### To do
Exact copies of the lines from the one with "Used 2025 Chevrolet" through the last line of the entries, and no pictures, make up the answer.

### Recorded data
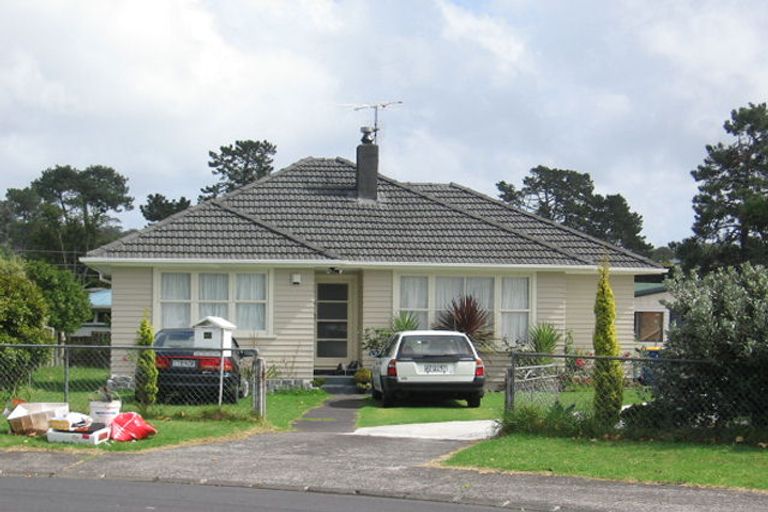 Photo of property in 49 Nile Road, Kelston, Auckland, 0602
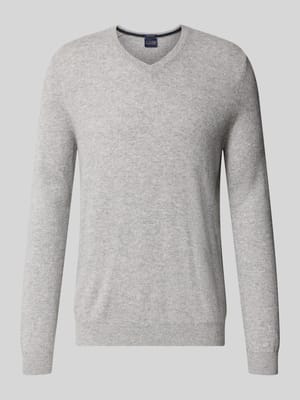 Strickpullover aus Kaschmir mit V-Ausschnitt Shop The Look MANNEQUINE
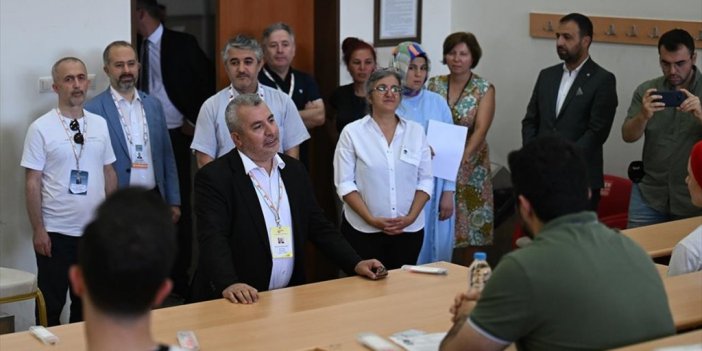 Ösym Başkanı Ersoy, Kpss Alan Bilgisi Oturumu Öncesi Sınav Binasını Ziyaret Etti
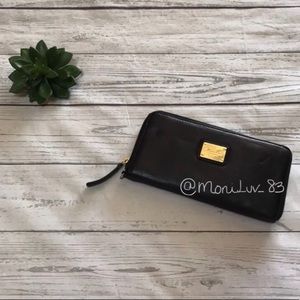 Kenneth Cole Reaction Black accordion wallet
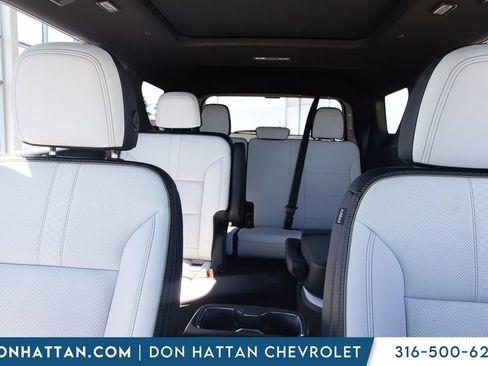 Used 2025 Chevrolet Traverse High Country w/ LPO, Floor Liner Package FWD image 17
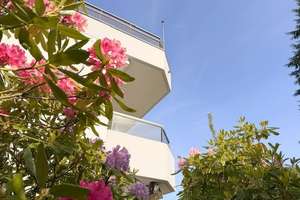 Sonniges Juwel in Blankenese: Gepflegte 3-Zimmer-Wohnung mit Süd-Balkon und Tiefgarage – Die vollständige Adresse der Immobilie erhältst du vom Anbieter., 22587 Blankenese, Hamburg – Vorschaubild 1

### Task response
 Used 2025 Chevrolet Traverse High Country w/ LPO, Floor Liner Package FWD image 17
 Sonniges Juwel in Blankenese: Gepflegte 3-Zimmer-Wohnung mit Süd-Balkon und Tiefgarage – Die vollständige Adresse der Immobilie erhältst du vom Anbieter., 22587 Blankenese, Hamburg – Vorschaubild 1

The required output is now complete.